21 Aralık 2015 Pazartesi


I have visited Safranbolu few weeks ago and I wanted to share some photos with you with the eyes of photographers; Mürşit Durmuş & İbrahim Obalı. 
 My grandmother had got a wooden house similar to Safranbolu houses and and when I was a kid I had spent my summer vacations in that wooden house. That house in my childgood has been collapsed without any photograph has been taken. So, wooden houses or any old house has got a different meaning for me.

Safranbolu is the best preserved town in Anatolia. Approx. 400km far away from Istanbul.


What a lovely smile of a child at Safranbolu streets. Photo has been taken by Mürşit Durmuş.

The sloping terrain at Safranbolu, which is situated in a deep canyon carved out by three rivers, produced interesting architectural solutions. The stone-built ground floors of Safranbolu houses, most of which are two- or three-storey mansions, generally follow the natural gradient of the street. The upper stories meanwhile, supported by buttresses, may project over the street. Although the houses are built on small, oddly shaped lots, thanks to this building technique the upper level rooms are nevertheless rectangular and spacious. Another aspect of the technique is that the house’s axis can be rotated slightly on the upper stories according to need or exposure to the sun! The houses along the narrow streets of the marketplace thus rise twisting and turning like screw shells over the narrow and sloping plots of land to which they cling.
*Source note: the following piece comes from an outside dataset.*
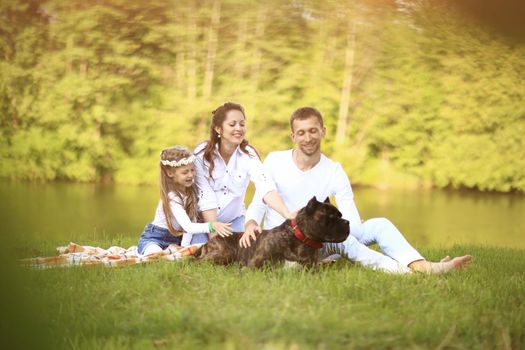 ,little daughter and their dog on a picnic by the river.the photo has a space for your text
 Traditional houses in Safranbolu  are mostly 3 floors, 6 or 8 rooms.  Houses designed for convenience of people living in it. Every room is designed to meet needs of the family. There are cupboards, called ’yüklük’ shelves, furnaces and sofas in every room. In each room consists the wardrobes and they are used for ablution like today’s shower cabins. The another details in Safranbolu houses are wooden decorated. Safranbolu houses don’t uniformity due to the overhang. The number of narrow and long windows differs according to size of the room and they are covered with wooden cages called ‘muşabak’. Some ofthe houses have pools for coolness andin order to protect against fire. Generally stone is used downstairs, adobe is used upstairs, and tiles in the Ottoman style are used in roofs. The floor of the entrance is called ’Hayat’ (life), if it is stone it is called ‘taşlık’ (made of stone).

 This lamp has got a bulb but originally it is an oil lamp. When I go to my grandmother's house electricity were cut at 23:00. So to go into the loo during the night was a bid scary with the oil lamp.
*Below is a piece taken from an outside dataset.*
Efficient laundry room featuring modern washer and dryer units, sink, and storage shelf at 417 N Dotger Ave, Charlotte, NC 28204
During our visit we have also seen a Van Cat with one eye blue and one eye green. But unfortunately I haven't got it's photo. When I was a child my aunt had got a Van Cat which is called " Pamuk ".

4 yorum:

  1. Nice memories. And such pretty houses! Were they for the wealthy people? It is interesting that they had a room for washing (even if just a small one). That was not usual in continental Europe houses until after the second world war.

    1. All houses had got the same architecture but can be bigger or smaller. Wealthy people's houses were bigger and called " konak " which is similar to " hall ".
      There are a room or place ( another building ) for washing and also a wardrobe for taking bath ( it is called " banyolu dolap " / " wardrobe with a bath " ).

  2. I have been there many years ago, indeed an amazing city!